Spring 2012 Course Syllabus - Mathematics 3044.001
Course: Mathematics 3044.001.
Course Title: Numerical Analysis II.
Time: TR 12:30-1:50.
Place: BARTNB 205.
Instructor: Seibold, Benjamin.
Instructor Office: 518 Wachman Hall.
Instructor Email: seibold@temple.edu
Instructor Phone: (215) 204 - 1656.
Course Web Page: http://www.math.temple.edu/~seibold/teaching/2012_3044/
Office Hours: T 11:15-12:15 or R 2:00-3:00.
Prerequisites: Math 3043 (0253) with a grade of C- or higher.
Textbook: Brian Bradie, A Friendly Introduction to Numerical Analysis, Pearson Prentice Hall, 2006.
Course Goals: Provide a sound working base in numerical methods, increase ability to apply proper mathematical tools to specific situations, introduce computing technology using MATLAB and apply it to problem solving, increase ability to work independently and formulate problem solving approaches, provide a set of experiences that can be utilized in other courses and beyond the classroom.
Topics Covered: Adaptive quadrature, initial value problems of ordinary differential equations, Runge-Kutta methods, multistep methods, stiff problems, two-point boundary value problems, partial differential equations: Poisson equation, diffusion equation, advection equation.
Course Grading: Homework 30%, Course project 30%, exams 40%; one midterm exam and one final exam. A(100-92), A-(91-90), B+(89-88), B(87-82), B-(81-80), C+(79-78), C(77-72), C-(71-70), D+(69-68), D(67-62), D-(61-60), F(below 60).
Exam Dates: Final exam: 05/03/2012; Midterm: TBD.
Attendance Policy: Attendance is required.
Any student who has a need for accommodation based on the impact of a disability should contact me privately to discuss the specific situation as soon as possible. Contact Disability Resources and Services at (215) 204-1280, 100 Ritter Annex, to coordinate reasonable accommodations for students with documented disabilities.
Freedom to teach and freedom to learn are inseparable facets of academic freedom.
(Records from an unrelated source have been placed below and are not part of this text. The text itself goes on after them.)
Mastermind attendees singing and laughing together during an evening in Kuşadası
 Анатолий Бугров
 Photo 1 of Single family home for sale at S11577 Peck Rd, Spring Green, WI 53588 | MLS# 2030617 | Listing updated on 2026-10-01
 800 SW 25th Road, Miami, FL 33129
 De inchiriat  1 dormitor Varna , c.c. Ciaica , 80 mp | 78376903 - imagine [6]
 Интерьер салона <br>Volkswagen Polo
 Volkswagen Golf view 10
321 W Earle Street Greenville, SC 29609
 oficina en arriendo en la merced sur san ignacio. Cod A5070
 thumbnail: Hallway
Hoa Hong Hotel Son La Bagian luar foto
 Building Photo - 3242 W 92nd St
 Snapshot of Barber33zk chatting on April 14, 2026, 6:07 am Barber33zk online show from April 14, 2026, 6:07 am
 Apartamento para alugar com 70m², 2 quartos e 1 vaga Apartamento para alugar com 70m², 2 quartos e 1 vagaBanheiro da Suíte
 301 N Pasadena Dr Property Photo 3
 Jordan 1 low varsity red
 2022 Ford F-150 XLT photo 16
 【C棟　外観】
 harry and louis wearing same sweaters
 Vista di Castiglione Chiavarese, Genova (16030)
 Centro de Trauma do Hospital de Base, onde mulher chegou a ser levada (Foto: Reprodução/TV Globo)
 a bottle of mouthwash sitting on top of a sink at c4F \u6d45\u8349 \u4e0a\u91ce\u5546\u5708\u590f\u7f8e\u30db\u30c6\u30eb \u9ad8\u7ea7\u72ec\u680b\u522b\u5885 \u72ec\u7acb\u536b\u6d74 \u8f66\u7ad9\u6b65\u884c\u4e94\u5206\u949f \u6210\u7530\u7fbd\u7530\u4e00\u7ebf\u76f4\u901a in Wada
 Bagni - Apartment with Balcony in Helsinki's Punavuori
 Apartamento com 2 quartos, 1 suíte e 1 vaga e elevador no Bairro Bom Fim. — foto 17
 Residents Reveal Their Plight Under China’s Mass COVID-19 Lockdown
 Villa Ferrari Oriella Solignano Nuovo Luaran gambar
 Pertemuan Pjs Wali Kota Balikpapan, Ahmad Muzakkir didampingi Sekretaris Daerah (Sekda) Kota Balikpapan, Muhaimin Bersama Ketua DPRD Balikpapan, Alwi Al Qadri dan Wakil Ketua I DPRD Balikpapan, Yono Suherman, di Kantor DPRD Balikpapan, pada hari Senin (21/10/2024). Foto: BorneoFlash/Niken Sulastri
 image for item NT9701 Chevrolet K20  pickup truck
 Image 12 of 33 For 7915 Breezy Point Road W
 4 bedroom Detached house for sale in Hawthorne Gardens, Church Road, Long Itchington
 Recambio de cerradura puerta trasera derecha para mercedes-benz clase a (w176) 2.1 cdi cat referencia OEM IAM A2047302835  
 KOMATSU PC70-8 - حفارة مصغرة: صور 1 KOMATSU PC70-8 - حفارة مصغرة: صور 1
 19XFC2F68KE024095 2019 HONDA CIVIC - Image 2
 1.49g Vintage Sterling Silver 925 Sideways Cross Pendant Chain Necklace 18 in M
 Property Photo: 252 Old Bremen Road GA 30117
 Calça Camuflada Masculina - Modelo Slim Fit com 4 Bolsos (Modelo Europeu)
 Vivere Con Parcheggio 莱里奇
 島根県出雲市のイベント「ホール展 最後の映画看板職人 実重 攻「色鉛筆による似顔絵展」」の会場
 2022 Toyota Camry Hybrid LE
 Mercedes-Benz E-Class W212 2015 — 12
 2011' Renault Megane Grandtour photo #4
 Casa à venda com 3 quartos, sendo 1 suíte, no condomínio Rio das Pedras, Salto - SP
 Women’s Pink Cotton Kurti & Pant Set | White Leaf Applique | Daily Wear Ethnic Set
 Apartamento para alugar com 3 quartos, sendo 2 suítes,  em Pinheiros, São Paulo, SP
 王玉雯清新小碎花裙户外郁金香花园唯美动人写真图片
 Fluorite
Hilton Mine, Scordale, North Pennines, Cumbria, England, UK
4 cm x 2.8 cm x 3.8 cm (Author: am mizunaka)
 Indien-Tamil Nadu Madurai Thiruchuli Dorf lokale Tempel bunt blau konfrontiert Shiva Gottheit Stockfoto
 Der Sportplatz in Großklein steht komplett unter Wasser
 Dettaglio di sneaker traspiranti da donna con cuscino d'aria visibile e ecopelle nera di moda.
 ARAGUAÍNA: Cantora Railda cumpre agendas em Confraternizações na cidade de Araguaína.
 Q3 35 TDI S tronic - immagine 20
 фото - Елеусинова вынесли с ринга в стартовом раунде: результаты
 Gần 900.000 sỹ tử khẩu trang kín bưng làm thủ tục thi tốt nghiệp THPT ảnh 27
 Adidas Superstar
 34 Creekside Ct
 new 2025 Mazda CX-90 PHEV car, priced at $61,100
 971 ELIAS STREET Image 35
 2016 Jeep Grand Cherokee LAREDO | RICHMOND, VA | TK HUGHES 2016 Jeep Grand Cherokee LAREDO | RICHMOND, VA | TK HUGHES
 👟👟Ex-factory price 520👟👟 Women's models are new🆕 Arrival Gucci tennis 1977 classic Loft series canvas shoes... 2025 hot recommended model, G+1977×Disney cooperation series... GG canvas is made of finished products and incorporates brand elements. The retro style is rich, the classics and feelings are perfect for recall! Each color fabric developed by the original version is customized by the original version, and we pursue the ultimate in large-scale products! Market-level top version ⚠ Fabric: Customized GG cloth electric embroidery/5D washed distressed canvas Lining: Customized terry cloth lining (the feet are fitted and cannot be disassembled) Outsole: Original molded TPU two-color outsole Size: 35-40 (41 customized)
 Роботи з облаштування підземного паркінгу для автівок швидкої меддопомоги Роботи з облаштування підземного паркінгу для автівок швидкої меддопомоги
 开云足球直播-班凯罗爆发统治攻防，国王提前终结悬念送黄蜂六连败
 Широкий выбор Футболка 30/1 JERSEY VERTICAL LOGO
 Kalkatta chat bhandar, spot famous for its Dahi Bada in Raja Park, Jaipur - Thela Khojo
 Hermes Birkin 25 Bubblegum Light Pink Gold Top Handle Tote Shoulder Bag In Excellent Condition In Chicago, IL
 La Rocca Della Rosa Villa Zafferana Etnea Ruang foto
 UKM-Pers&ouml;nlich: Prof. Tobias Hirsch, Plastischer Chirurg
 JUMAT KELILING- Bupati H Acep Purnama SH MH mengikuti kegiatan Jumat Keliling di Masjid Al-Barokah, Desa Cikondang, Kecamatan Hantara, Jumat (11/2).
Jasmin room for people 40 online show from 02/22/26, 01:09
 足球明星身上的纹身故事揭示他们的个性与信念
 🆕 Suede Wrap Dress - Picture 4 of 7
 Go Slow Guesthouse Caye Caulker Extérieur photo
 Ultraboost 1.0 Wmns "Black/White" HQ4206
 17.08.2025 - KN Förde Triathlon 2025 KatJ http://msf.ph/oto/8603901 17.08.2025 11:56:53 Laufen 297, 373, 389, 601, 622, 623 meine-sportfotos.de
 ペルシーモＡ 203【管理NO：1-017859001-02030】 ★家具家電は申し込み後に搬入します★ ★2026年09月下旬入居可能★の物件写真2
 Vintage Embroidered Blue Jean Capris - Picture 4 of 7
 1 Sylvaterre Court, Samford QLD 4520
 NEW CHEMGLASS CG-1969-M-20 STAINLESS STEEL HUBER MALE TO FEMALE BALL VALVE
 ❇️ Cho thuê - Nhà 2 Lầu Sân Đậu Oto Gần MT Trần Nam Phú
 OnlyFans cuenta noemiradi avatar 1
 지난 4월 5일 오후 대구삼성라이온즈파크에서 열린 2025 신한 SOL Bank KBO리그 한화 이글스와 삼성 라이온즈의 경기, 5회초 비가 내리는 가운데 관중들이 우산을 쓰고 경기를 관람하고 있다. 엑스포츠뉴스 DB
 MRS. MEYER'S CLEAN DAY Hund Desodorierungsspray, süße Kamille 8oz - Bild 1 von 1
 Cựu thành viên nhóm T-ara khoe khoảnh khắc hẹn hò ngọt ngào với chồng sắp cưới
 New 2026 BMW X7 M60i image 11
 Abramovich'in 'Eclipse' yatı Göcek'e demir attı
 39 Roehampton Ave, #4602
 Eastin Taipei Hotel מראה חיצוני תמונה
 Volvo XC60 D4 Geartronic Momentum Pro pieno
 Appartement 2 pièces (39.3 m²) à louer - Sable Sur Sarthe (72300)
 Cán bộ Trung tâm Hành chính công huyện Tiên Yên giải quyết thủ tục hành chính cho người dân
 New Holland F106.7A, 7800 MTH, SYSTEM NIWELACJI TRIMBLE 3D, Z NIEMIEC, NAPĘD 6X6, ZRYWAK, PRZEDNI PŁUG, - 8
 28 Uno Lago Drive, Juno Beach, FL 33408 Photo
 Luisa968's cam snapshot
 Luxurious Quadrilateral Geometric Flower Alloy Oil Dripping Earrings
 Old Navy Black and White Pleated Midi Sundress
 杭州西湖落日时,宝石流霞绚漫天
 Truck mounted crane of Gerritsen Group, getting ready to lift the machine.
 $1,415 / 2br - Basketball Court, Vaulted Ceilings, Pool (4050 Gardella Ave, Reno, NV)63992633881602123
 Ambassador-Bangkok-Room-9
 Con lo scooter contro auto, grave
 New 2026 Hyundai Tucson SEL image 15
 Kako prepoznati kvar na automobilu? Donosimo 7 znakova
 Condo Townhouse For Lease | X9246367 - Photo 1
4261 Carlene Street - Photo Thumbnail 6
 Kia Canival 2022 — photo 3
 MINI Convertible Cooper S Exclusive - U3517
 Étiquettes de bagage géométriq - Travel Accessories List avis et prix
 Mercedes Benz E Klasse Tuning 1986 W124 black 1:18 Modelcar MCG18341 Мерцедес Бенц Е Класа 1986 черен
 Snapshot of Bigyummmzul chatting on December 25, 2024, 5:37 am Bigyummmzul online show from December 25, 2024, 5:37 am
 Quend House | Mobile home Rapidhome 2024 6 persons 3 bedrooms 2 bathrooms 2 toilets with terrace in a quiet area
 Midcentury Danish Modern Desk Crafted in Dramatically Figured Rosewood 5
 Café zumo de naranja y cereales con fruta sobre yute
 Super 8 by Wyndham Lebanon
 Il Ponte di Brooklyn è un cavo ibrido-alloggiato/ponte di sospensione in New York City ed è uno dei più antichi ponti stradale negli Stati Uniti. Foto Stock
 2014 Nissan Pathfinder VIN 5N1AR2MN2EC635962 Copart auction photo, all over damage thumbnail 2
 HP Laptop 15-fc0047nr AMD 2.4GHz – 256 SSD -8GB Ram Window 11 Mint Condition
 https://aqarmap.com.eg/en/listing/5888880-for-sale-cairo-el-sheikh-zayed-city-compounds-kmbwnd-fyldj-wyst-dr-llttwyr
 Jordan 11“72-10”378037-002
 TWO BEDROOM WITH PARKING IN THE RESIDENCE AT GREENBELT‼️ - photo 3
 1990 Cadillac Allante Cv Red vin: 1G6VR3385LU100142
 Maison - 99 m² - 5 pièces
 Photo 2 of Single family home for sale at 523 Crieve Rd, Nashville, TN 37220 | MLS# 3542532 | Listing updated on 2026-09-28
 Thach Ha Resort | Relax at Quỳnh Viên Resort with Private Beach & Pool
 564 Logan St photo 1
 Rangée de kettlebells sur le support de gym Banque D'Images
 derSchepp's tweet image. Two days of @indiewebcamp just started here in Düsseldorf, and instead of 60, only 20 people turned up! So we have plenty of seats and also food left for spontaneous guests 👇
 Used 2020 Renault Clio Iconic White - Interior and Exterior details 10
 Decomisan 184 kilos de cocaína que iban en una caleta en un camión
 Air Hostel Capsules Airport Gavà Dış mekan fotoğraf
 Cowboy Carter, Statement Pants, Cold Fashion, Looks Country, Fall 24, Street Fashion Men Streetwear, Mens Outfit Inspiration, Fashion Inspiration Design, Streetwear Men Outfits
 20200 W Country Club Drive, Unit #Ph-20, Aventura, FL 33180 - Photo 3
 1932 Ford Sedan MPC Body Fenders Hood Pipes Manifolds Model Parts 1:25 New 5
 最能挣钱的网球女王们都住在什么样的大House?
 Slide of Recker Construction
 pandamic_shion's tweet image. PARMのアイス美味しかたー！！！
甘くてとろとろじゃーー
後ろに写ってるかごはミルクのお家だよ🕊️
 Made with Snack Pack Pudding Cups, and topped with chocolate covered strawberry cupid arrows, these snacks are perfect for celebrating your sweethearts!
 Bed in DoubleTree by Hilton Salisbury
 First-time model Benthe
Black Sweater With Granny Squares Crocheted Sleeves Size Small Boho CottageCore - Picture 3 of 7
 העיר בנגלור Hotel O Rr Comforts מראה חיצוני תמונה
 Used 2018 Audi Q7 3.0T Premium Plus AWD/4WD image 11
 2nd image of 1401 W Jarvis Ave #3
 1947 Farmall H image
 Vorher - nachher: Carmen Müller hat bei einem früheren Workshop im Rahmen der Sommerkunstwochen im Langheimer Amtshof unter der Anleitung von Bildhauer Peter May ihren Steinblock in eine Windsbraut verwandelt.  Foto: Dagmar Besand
The University has adopted a policy on Student and Faculty Academic Rights and Responsibilities (Policy # 03.70.02) which can be accessed here.
Students will be charged for a course unless a withdrawal form is processed by a registration office of the University by the Drop/Add deadline date given below. For this semester, the crucial dates are as follows:
- The first day of classes is Tuesday, January 17.
- The last day to drop/add (tuition refund available) is Monday, January 30.
- Spring recess is the week of Sunday, March 4.
- The last day to withdraw (no refund) is Monday, March 20.
- The last day of classes is Monday, April 30.
During the first two weeks of the fall or spring semester or summer sessions, students may withdraw from a course with no record of the class appearing on the transcript. In weeks three through nine of the fall or spring semester, or during weeks three and four of summer sessions, the student may withdraw with the advisor's permission. The course will be recorded on the transcript with the instructor's notation of "W," indicating that the student withdrew. After week nine of the fall or spring semester, or week four of summer sessions, students may not withdraw from courses. No student may withdraw from more than five courses during the duration of his/her studies to earn a bachelor's degree. A student may not withdraw from the same course more than once. Students who miss the final exam and do not make alternative arrangements before the grades are turned in will be graded F.
The grade I (an "incomplete") is reserved for extreme circumstances. It is necessary to have completed almost all of the course with a passing average and to file an incomplete contract specifying what is left for you to do. To be eligible for an I grade you need a good reason and you should have missed not more than 25% of the first nine weeks of classes. If approved by the Mathematics Department chair and the CST Dean's office, the incomplete contract must include a default grade that will be used in case the I grade is not resolved within 12 months.